Une crise sécuritaire qui s’aiguise

L’autre défi prioritaire est de toute évidence sécuritaire. Les talibans ont affaire à plus extrémistes qu’eux : l’État islamique-Khorasan (EI-K), qui a revendiqué de nombreux attentats contre la population et les forces talibanes. La région dite du Khorasan s’étend entre l’Afghanistan, l’Iran, le Pakistan et le Turkménistan. Une trentaine d’attentats ont ensanglanté le pays depuis la mi-août. La semaine dernière une soixantaine de personnes ont été tuées dans une mosquée chiite… et on apprend aujourd’hui qu’un attentat suicide similaire vient d’être perpétré à Kandahar, faisant trente trois morts et de nombreux blessés. Il y a quelques jours c’était un responsable de la police talibane qui périssait lors d’une attaque à la bombe contre son véhicule. Après le retrait américain la conquête du pouvoir a été aisée pour les talibans ; une nouvelle phase plus difficile s’ouvre désormais face à un ennemi coriace et plus difficile à identifier.

Une situation sécuritaire explosive qui inquiète grandement la Russie. Celle-ci a d’ailleurs convié les talibans à des discussions internationales le 20 octobre prochain, en compagnie de la Chine, de l’Iran, du Pakistan et de l’Inde. Les trois enjeux principaux seront la sécurité, l’aide humanitaire et la reconstruction du pays. En parallèle, afin de prévenir toute infiltration terroriste, la Russie mène d’importantes manœuvres militaires conjointes avec les anciennes républiques soviétiques d’Asie centrale que sont l’Ouzbékistan et le Tadjikistan.

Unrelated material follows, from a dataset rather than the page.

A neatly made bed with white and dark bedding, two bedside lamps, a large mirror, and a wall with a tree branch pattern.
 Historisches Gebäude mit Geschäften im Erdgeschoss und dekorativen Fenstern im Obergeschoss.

Que ce soit face à la Russie ou aux pays européens, les représentants talibans vont négocier la levée de sanctions économiques en jouant avec la peur d’une déstabilisation plus grande de l’Afghanistan qui affecterait les pays voisins, et d’autres plus lointains. Comme l’a exprimé le porte-parole taliban, Suhail Shaheen, dans une interview donnée à RFI : « Si l’anarchie règne en Afghanistan, si le gouvernement est affaibli, c’est à vous que cela posera des problèmes de sécurité. (…) Deuxièmement, cela poussera de nombreuses vagues de réfugiés en direction des pays européens et, cela non plus, ce n’est pas dans votre intérêt ». Le ministre des Affaires étrangères taliban, Amir Khan Muttaqi, s’est exprimé dans des termes similaires en début de semaine. En Afghanistan comme ailleurs, la question des flux migratoires est désormais autant politique qu’économique.